Blick zurück ins Jahr 2019: Die britische Königsfamilie gerät immer wieder stark unter Beschuss – wegen Andrew und seiner Verbindung zum Sexualstraftäter Jeffrey Epstein (+). Die Vorwürfe von Virginia Giuffre, als Minderjährige vom Prinzen missbraucht worden zu sein, wollen nicht aus den Schlagzeilen verschwinden. Da entscheidet er sich für einen folgenschweren Schritt: Er stimmt einem TV-Interview zu, um seinen Ruf wiederherzustellen, die Anschuldigungen zu entkräften und seine Sicht zu schildern. Doch mit dem einstündigen Gespräch, das die BBC am 16. November zeigt, erreicht er das Gegenteil: Er verteidigt seine Freundschaft zu Epstein, verheddert sich in Widersprüche, wirkt in seinen Aussagen unglaubwürdig – und das Interview wird zur Blamage, obwohl er zunächst noch glaubt, es sei für ihn gut gelaufen. Was folgt, ist der tiefe Fall: Das Königshaus sieht sich gezwungen, ihn von seinen royalen Aufgaben zu entheben. Zudem muss er alle militärischen Titel und Schirmherrschaften abgeben.

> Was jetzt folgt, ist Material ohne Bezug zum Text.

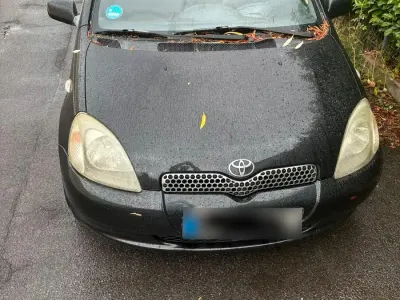 Gebraucht Toyota Yaris 87 PS (63 kW) 2001 Schwarz Kleinwagen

«Scoop» basiert u.a. auf dem Buch der BBC-Journalistin Sam McAlister, der Produzentin des Interviews. Wie dieses zustande kam, was hinter den Kulissen passierte und warum es zum Debakel wurde, erlebte sie hautnah. Emily Maitlis fühlte damals Prinz Andrew vor der Kamera auf den Zahn – gespielt wird sie von Gillian Anderson («Akte X»), ihr Gegenüber von Rufus Sewell. Sewell sagte sogleich zu, bedauerte dies dann. «Zuerst fühlte ich mich sehr geschmeichelt, weil es eine schauspielerische Herausforderung ist. Aber dann kamen die Zweifel, ob ich es schaffe, eine solch öffentliche Figur wahrhaftig verkörpern zu können.» Gillian Anderson wollte erst gar nicht, weil sie fürchtete, Emily Maitlis nicht gerecht zu werden. «Ich bewundere sie und ihre Arbeit am Fernsehen. Dann habe ich gedacht, es gerade deswegen zu tun, weil ich so Angst vor der Rolle hatte.»
Emily Maitlis weigerte sich übrigens, sich mit Gillian Anderson zu treffen. Denn es gibt ein zweites Projekt über das Skandal-Interview, das von Maitlis für Amazon Prime produziert und derzeit gedreht wird: In der dreiteiligen Mini-Serie «A Very Royal Scandal» wird sie von Ruth Wilson gespielt, Prinz Andrew von Michael Sheen, beides bekannte britische Schauspielgesichter.
«Scoop» ist jetzt auf dem Streaming-Sender Netflix abrufbar. Die Buchvorlage «Scoops – Behind the Scenes of the BBC’s Most Shocking Interview» von Sam McAlister ist bisher nur auf Englisch erschienen.